Ancak, doğruyu söyleyenin de, dokuz köyden de kovulmasına mahal bırakmadan, daha ikinci veya üçüncü köyden kovulduğunda, ‘köy’ün doğruları söylemenin uygun mekânı olmadığını anlamış olması gerekir ve beklenir. Mesele doğruları söylemek ise, görünürde birbirine aykırı düşüyor gözükseler dahi ‘köy’lerin hiçbiri uygun mekân değildir. Ne birincisi, ne onuncusu, ne de binincisi… Doğruların ve doğruyu söyleyenlerin barınabileceği ortamlar, ancak şehirlerdir. Köyün tek-tipliğinin aksine şehirde herkese yer olduğu için, her fikir sahibi orada sözünü söyleme imkânına erişir. Maamafih, şehirde de köyden gelenler az değildir; ama ne herhangi bir köy, ne de farklı köylerden gelenlerin tamamı şehre hâkim olup onu tek ses ve tek rengin tahakkümüne sokabilir (faraza böyle yapmaya muktedir olsalar, orası şehir olmaktan çıkar zaten; büyük bir köye dönüşmüş olur). Şehir, tek-tipleşmenin, tek sesliliğin, tek renkliliğin baskın gelemediği kadar geniş ve büyük yerdir. Öyle ki, köyden geleni de, kendi sesini boğmaya asla mecbur ve mahkûm etmeden, başka seslere kulak verecek yahut onlara saygı duyacak şekilde terbiye eder. Şehirde belli bir anlayışın en fazla ‘mahalle’si olabilir; ama şehrin mahalle ve sokakları dahi herkesin girmesine her zaman açık mekânlar niteliğindedir.
Velhasıl, “Doğru söyleyeni dokuz köyden kovarlar” sözü üzerinden, bir ‘köy’ ve ‘şehir’ dikotomisi geliştirmek ve gerçek anlamda nereye köy, nereye şehir denilebileceğini kestirmek mümkün.
Bir sabit fikrin, ideolojinin, tarzın, yöntemin, inancın tahakkümü altında olan; gelenek ve itiyadların yeni veya farklı olanı—doğru ve daha iyi dahi olsa—tehdit olarak görüp ya boğduğu yahut kovduğu her yer, her ortam, her mecra, her mekân entellektüel anlamda bir ‘köy’ niteliğindedir. İsterse bu diyar, mecra, topluluk, cemaat vs. içinde milyonları barındırıyor olsun, durum budur.

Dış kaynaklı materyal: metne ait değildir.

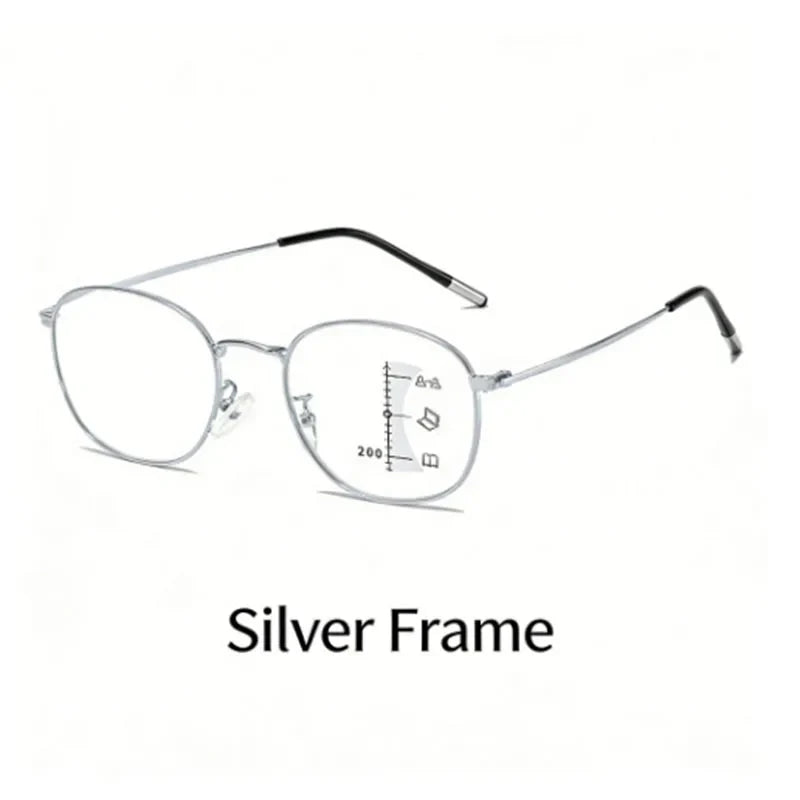 New Progressive Multifocal Reading Glasses for Both Near and Far Vision, Ultra-Light Metal Full-Frame, Anti-Blue Light, Suitable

Buna karşılık, herkesin bir fikrinin olduğu, ama hiç kimsenin hakikati kendi tekelinde görmediği ve onu ancak kendisinin temsil ettiği iddiasına girmediği, dolayısıyla yeni ve farklı bir söz yahut yaklaşımın sahibinin ‘kovulmayıp buyur edildiği’ mekân, mecra ve ortamların hepsinde ‘şehir’ tadı, niteliği ve havası bulunmaktadır—isterse o mecranın sakinleri otuz, elli veya yüz yirmi kişiden ibaret olsun.
Velhasıl, doğruya talip olan, kendisine ‘köy’lerde muhatap aramak yerine, ‘şehrin’ sâkini olmayı tercih etmeli. Hangi ‘köy’den gelirse gelsin, ‘şehirli’ olmayı seçmeli.
Bunu, uzun seneler önce bir ‘köy’den kovulmuş, ama doğru olduğuna inandığı şeyleri söyleyeceği ikinci bir ‘köy’ arayışına girmemiş biri olarak söylüyorum. Bir fikri olan ve doğruları söylemek isteyen herkes ‘kimsenin kovamadığı yer’de şu güvenceyle yaşamayı seçmeli:
“Beni kimse kovamaz, çünkü ‘şehir’de yaşıyorum.”